Treating storage as a single tier may work briefly, but it can quickly become inefficient, expensive, and fragile if not designed appropriately. Designing across the storage continuum is what allows India’s AI infrastructure to scale sustainably, efficiently and cost-effectively. At this level, storage architecture is no longer a technical detail. It is a strategic design decision that forms the foundation of AI.
Redefining performance for India’s AI scale
Another consideration to fully unlock India’s AI momentum is that performance means more than speed. Availability, resilience, and economics matter just as much. If data cannot scale efficiently and be reliably accessed, the system fails – regardless of how much compute capacity is deployed.
It is important to understand that with AI at scale, threats, system or device failure is possible. Parts can fail, nodes can drop, and bad actors can emerge, so data must be continuously protected in the background. That is why resilience should not be bolted on later but must be designed in from day one.
Here, the entire system must work together on how data is stored, moved, protected, and recovered across a distributed environment to work effectively. Even when no one is actively using it, data is constantly being written, replicated, and optimised to control costs and ensure durability. It’s a subtle shift in thinking, but a decisive one.

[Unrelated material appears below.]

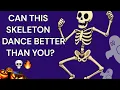 Lagu Warning: Watching This Skeleton Will Make You Dance (Halloween)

India’s AI future will be built on storage
India’s path to becoming a global AI powerhouse can be defined not just by how fast it builds, but by how intelligently it scales. As data volumes surge and AI moves into real-world deployment, the challenge is no longer compute and capacity alone. It is all about data and building AI data systems that are sustainable, efficient, and resilient at scale.
Storage is the strategic foundation and cannot be treated as an afterthought. The data centres that power India’s AI ambitions will be those designed for what comes next, treating storage as core infrastructure rather than background plumbing. Because in an AI-driven data economy like India, how you store and manage data determines how far and how fast you can go with your ambitions.